SBL, John the Baptist, Q, AAR, and the Mandaeans in San Antonio May 24, 2023

I have been trying not to even think about what my next book might be after I wrap up the current project on John the Baptist. But as I’ve been moving towards completion of the current project, some of the points of intersection with other areas have grabbed my interest not just in relation to John the Baptist, but in their own right. One of those is the Synoptic Problem, i.e. the subject of how the Gospels of Mark, Matthew, and Luke relate to one another (and in particular the last two of the three). In my books on John the Baptist I try not to make my conclusions rely heavily on any particular view of that subject, although I do dedicate a chapter to the question of what Q tells us about John the Baptist and, conversely, what John the Baptist tells us about Q. Working on this has reignited my fascination with the subject and my desire to figure out a way to, perhaps not solve the matter definitively, but at least contribute something new to the discussion. That’s the one thing I’m just possibly good at, coming up with new ideas (99% of which need to be shot down as impractical by someone more down to earth than myself). Working on the question of whether there is a Baptist infancy source detectable behind some of the texts we have – the Gospel of Luke, the Mandaean Book of John, and the Protevangelium of James in particular – has also had me thinking about this, how we figure out that a source is likely to have been used, and the huge gulf between detecting source usage and reconstructing the source.

Anyway, before I get to my upcoming conference paper, Mark Goodacre and I had a chance to talk about the Q hypothesis and the Farrar hypothesis, and we managed to use Star Trek and Doctor Who analogies. Have a listen:

Now, whether my next book will be about Q is something I will not even begin to ponder yet. But as for how my current research intersects with and has implications for that topic, I’ll not only be covering that in one of the books I’ve been writing, but will present on it in November at the Society of Biblical Literature annual meeting in San Antonio. The program book for the conference is now online. Here is the abstract for my paper:

John the Baptist and Narrative in Q as Clues about its Composition History

John the Baptist is the, or at least a, major focus of the material in the first part of the Q source. This Baptist-focused content takes the form of narrative and dialogue rather than a collection of sayings of Jesus. Rather than representing awkward problems to explain away, this paper will treat these aspects of the Q material as important clues about the order in which its layers were brought together and what may have motivated those responsible for doing so. The evidence of other early Christian texts which begin with the Baptist and focus on Jesus’ relationship to him provide helpful guideposts in the effort to determine when and where a work like Q might have been assembled and what might have motivated giving it the shape we now discern behind Matthew and Luke.

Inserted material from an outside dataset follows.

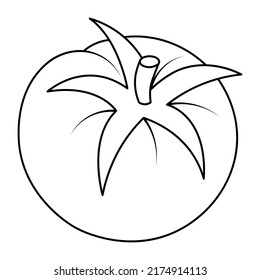 Tomato. Sketch. Vector illustration. Coloring book for kids. Doodle style. Outline on an isolated background. Vegetable culture of the Solanaceae genus. Vegan food. A healthy vegetable with a stalk.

Details of the session from the SBL Annual Meeting program book:

Program Unit: Q

Session S20-140 
11/20/2023
9:00 AM to 11:30 AM
Room: Room TBD – Hotel TBD

Sarah Rollens, Rhodes College, Presiding

Steven D. Collier, Mercer University
A New Approach to Passion Material in Q: Resolving the Problem of the Passion Minor Agreements in Favor of the Two Source Theory (30 min)
Tag(s): Source Criticism (Interpretive Approaches), Gospels (Biblical Literature – New Testament)

Dieter T. Roth, Boston College
Functional Christology and the Q Parables (30 min)
Tag(s): New Testament (Biblical Literature – New Testament), New Testament (Ideology & Theology)

Matthew Korpman, Graduate Theological Union
A Jekyll and Hyde Jesus: Exploring the Significance of Contradictions in Q (30 min)
Tag(s): New Testament (Biblical Literature – New Testament), Gospels (Biblical Literature – New Testament), Apocrypha (Early Christian Literature – Apocrypha)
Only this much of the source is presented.